Better Boundaries For A Better Life Pt.#4 #008
Today’s podcast episode is part #4 in our series on Better Boundaries For a Better Life.
Today's episode I'll give you some examples of healthy and not so healthy boundaries and how they work, or don't work in your day to day life.
Now that we have gone over ideas on how boundaries could change things dramatically in your life let’s explore the question: Why is now the best time to start taking action and setting new healthy boundaries in your life? You could wait a week, a month, even a year and continue to live your life exactly as you are right now, which if you’re honest with yourself is probably not too shabby or uncomfortable or you would’ve already made these changes long ago. But will you be living YOUR LIFE ON YOUR TERMS or just going with the flow indefinitely?
There is no better time than NOW to take back control of YOUR life through boundaries.
Now it's time to dig into the EASY TIPS you can use in every day situations when setting and maintaining your BOUNDARIES:
Surround yourself with supportive people who lift you up.
Sit down and REALLY ask yourself “What do I want my life to look like?”
Live on purpose. Live intentionally.
Ask yourself “What need (of the 6 needs we talked about earlier) am I meeting here and am I meeting that need in a healthy way or not?
When someone does attempt to violate your boundaries:
Offer them an alternative
You can empathize with them
Blame something objective
Blame something subjective
Stick to your guns
Always be CLEAR with your boundaries or when saying NO. Don’t leave room for misinterpretation or confusion. Misleading tends to lead to more favors or pushing back of your boundaries. Always say NO ON THE SPOT. Don’t say “I need to think about it”. No you don’t. You know if you can or want to do whatever it is that’s being asked of you so just say so. You can always just say “I’m not interested, but thanks” for example to a pushy salesman.

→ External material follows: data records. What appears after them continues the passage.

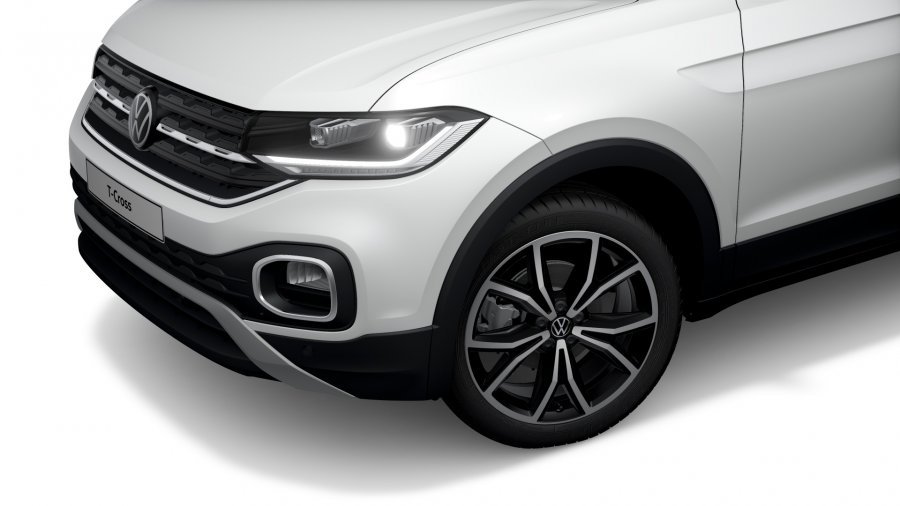 Volkswagen T-Cross, T-Cross Style 1,5 TSI 110 kW 7DSG, barva bílá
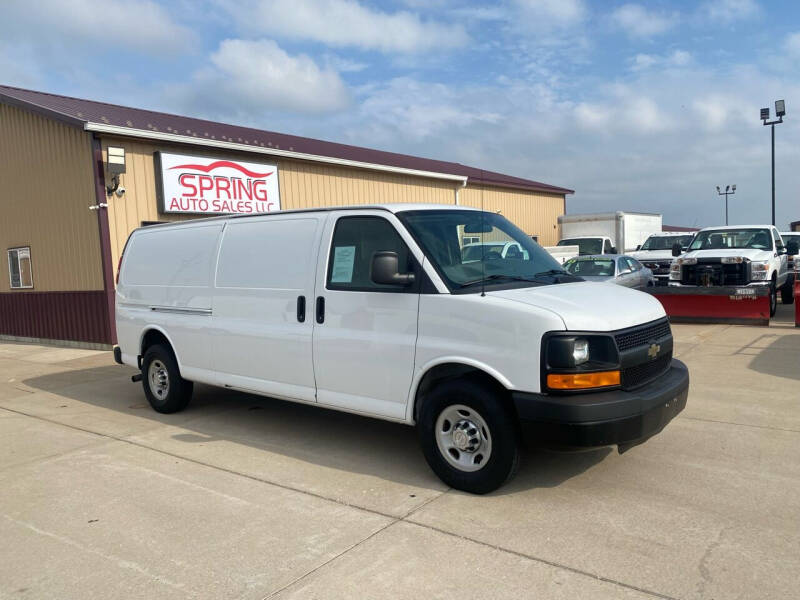 2014 Chevrolet Express 3500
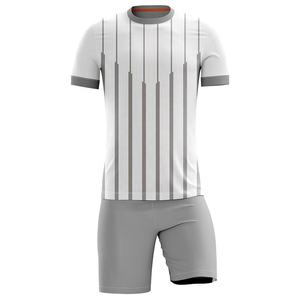 New Custom Design High Quality Soccer Uniform Wholesale Price <b>Men</b> Soccer Uniform Made Pakistan - Product Image 3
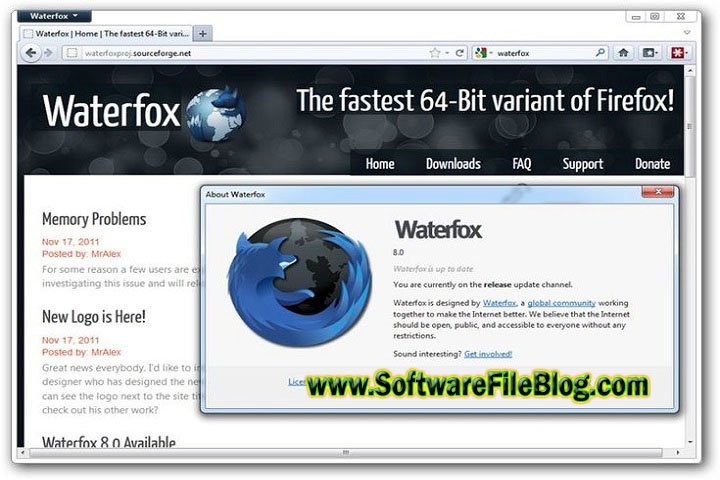 Waterfox G5.1.1 Free Download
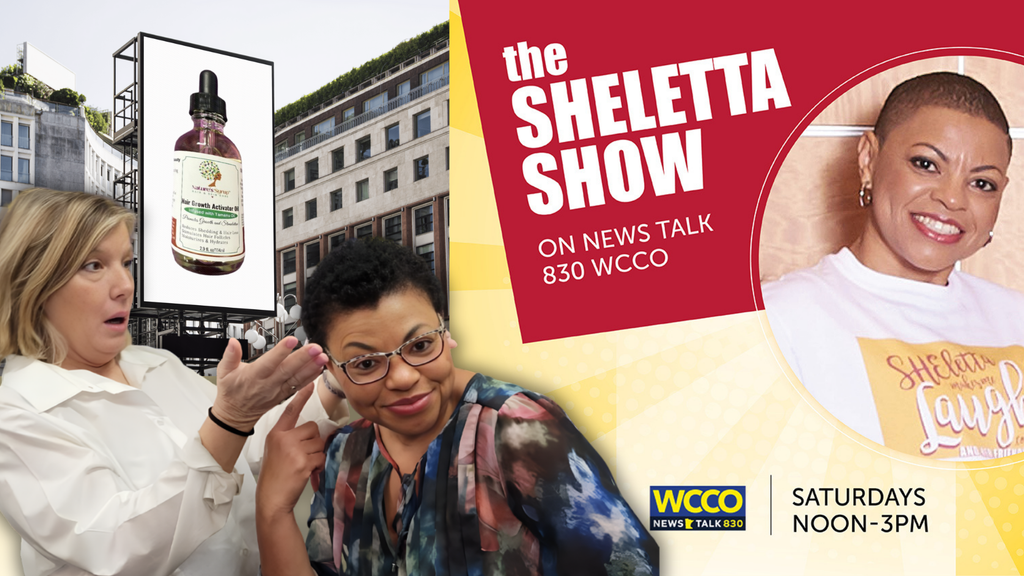 The Sheletta Show: How Nature's Syrup Hair Growth Activator Saved Her Strands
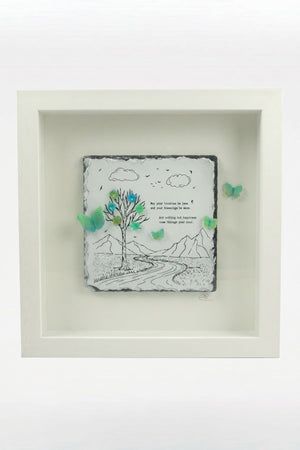 Carraig Donn Slatecraft Art - Nothing But Happiness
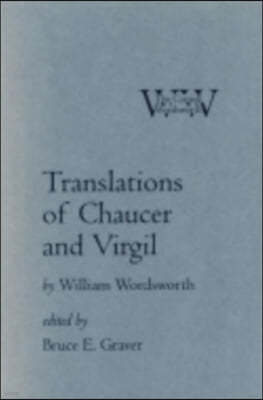 Translations of Chaucer and Virgil: Foundations of Transcendental Philosophy (Wissenschaftslehre) Nova Methodo (1796-99)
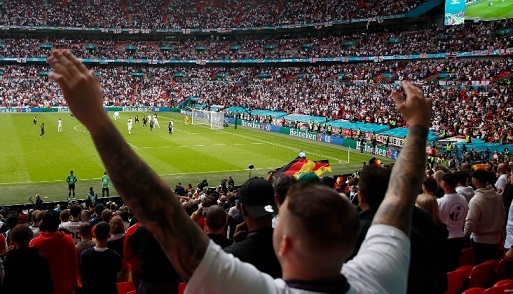  La OMS avisa que la Eurocopa puede desencadenar una nueva ola de covid en toda Europa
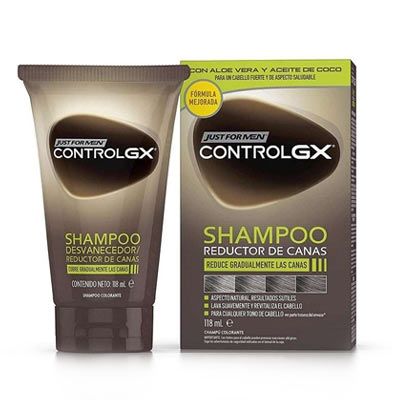 Just For Men Control Gx Champu Reductor de Canas 118ml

DO NOT MAKE EXCUSES!!
Don't be mean, just firm.
Avoid being passive aggressive.
Don't compromise your integrity to please others.
When do you KNOW you need to set boundaries?
Simple, If you’re resentful, angry, irritated, annoyed or avoiding someone, it’s most likely because you haven’t set boundaries in that relationship.
If you’re questioning your decisions, second guessing yourself, tolerating people or situations, you need boundaries.
Every relationship should contribute to your life not deplete it.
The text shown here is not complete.